The above section assumes data has already been generated and is ready for use. The 'System' Jupyter notebooks in the base directory show examples of how to generate the data using the BVP shooting method which solves an initial value problem with the Runge-Kutta method, compares the right-hand-side boundary value to the desired boundary condition, and adjusts the left-hand-side boundary value(s) to try to meet the right-hand-side boundary values while maintaining set boundary conditions. The notebooks walk through every step pretty explicitly and only the shooting method and IVP solver logic are hidden away in the subpackages.

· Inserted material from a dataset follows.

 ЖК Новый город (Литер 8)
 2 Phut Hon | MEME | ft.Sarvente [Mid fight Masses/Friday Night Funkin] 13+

If you want to change the hyperparameters used in this work (i.e. epsilon=1e-6, lambda=1e-5), there is some minor modification you will need to perform. Both of these parameters, and others, are set by the SGTR class, which is currently hard-coded to use defaults. It is not too challenging to change this; you could modify the sindy_bvp() method to accept an SGTR object parameter, which is used in the constructor for the GroupRegressor. This is currently line 84 of sindy_bvp.py. The SGTR object can be configured to use a different parameter epsilon (by passing a differently-configured PDELossFunction object to the constructor), a different lambda (by passing a differently-configured Optimizer/Ridge object to the constructor), or use different threshold functions, optimizers, and loss functions altogether. This is not meant to replace a full guide to custom-configuration of the method, but as a starting point for anyone curious to re-use this code.
A lot of the logic is glossed over here, please feel free to contact me directly or open an issue!
2020-05-19: Initial commit. I will update this Readme with an overview of the package, a description of how it works, and reference to the research paper.
2020-05-20: Initial write-up of repository contents and basic package usage.